Data for review:
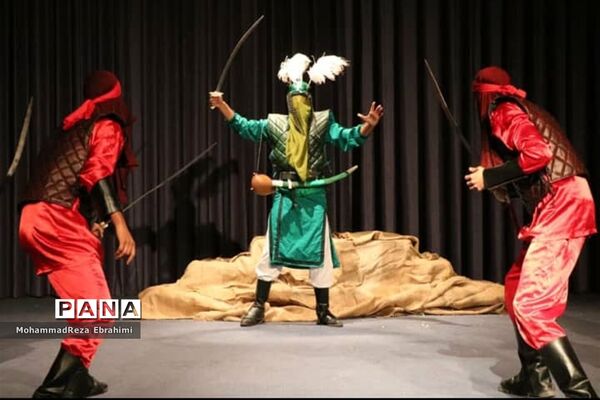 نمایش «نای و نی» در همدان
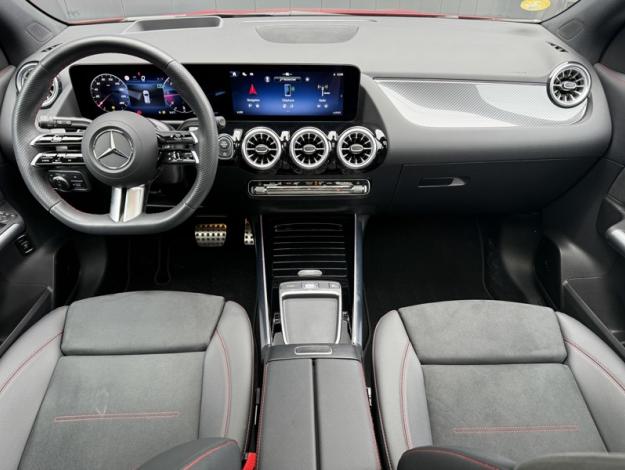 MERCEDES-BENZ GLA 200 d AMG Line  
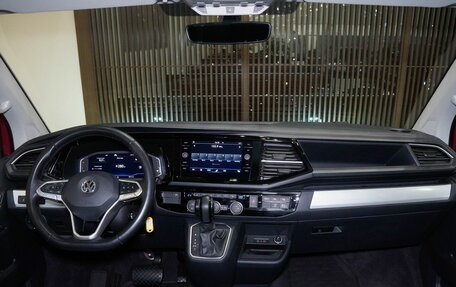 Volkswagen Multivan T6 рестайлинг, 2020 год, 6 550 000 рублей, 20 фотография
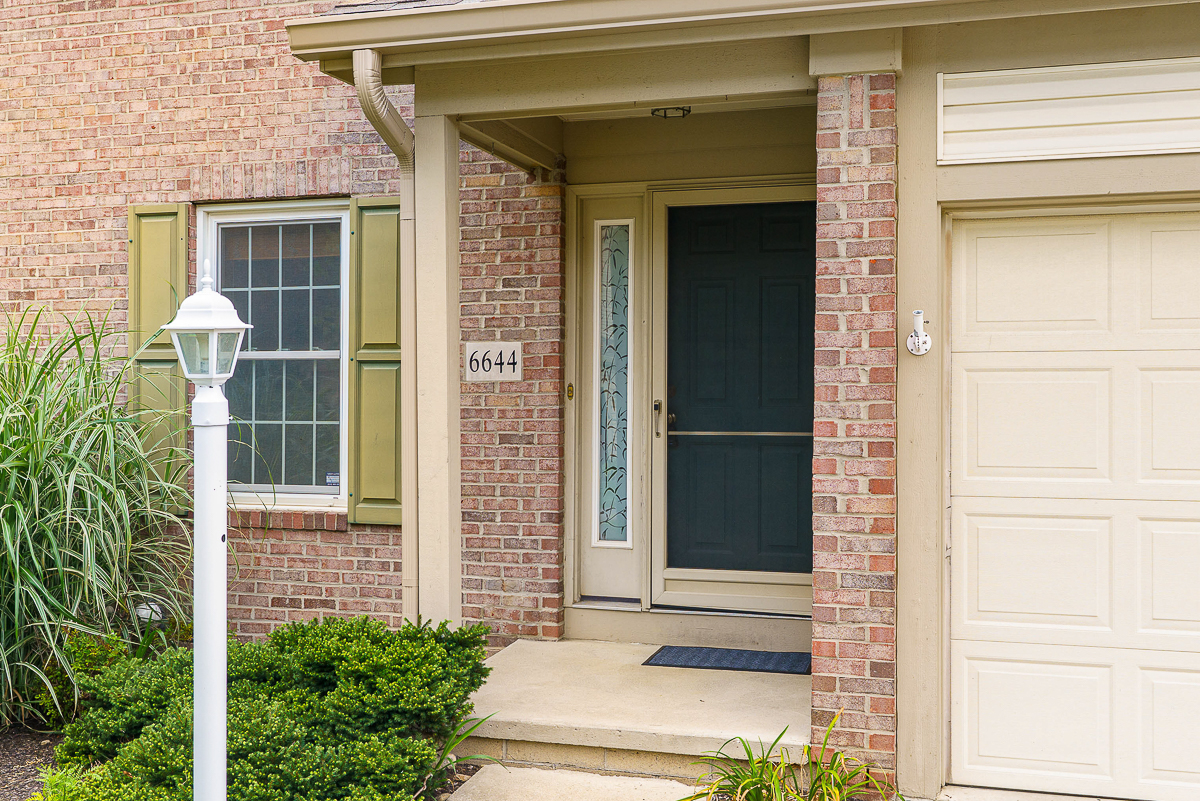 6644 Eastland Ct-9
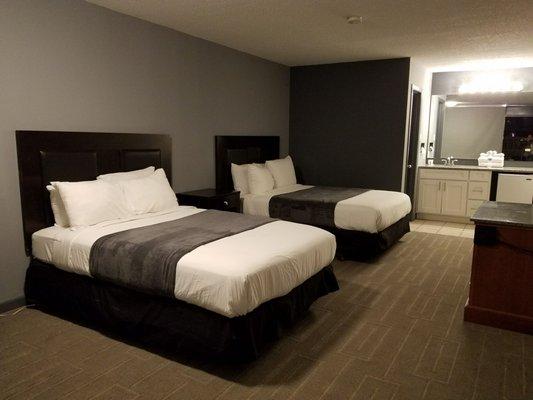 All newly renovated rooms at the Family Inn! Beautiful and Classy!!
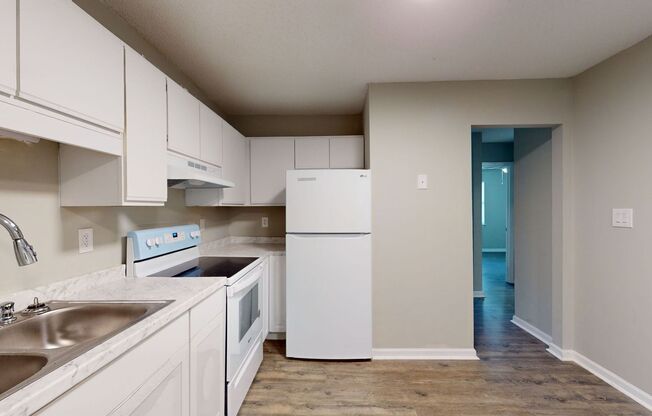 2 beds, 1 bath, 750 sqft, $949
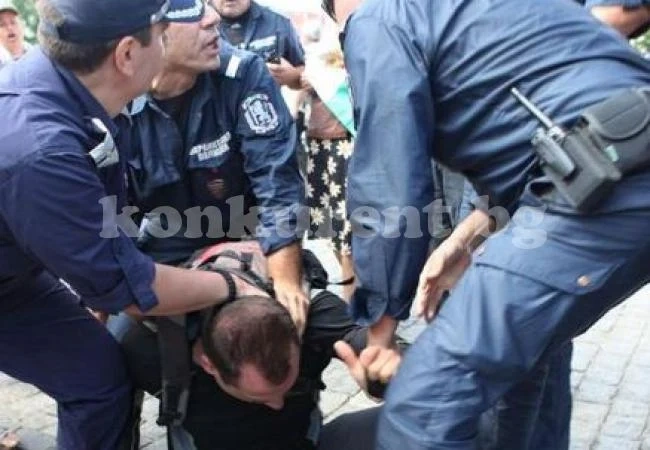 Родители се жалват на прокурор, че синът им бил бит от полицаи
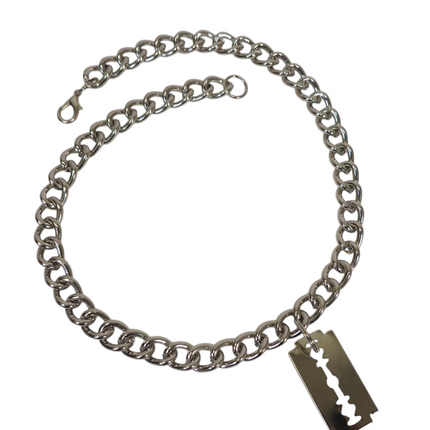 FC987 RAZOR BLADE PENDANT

What needs to be done:
Only one thing is required: an exact printout of the lines from the line containing "6644 Eastland Ct-9" through the last line of the records, pictures excluded.

Answer section:
 6644 Eastland Ct-9
 All newly renovated rooms at the Family Inn! Beautiful and Classy!!
 2 beds, 1 bath, 750 sqft, $949
 Родители се жалват на прокурор, че синът им бил бит от полицаи
 FC987 RAZOR BLADE PENDANT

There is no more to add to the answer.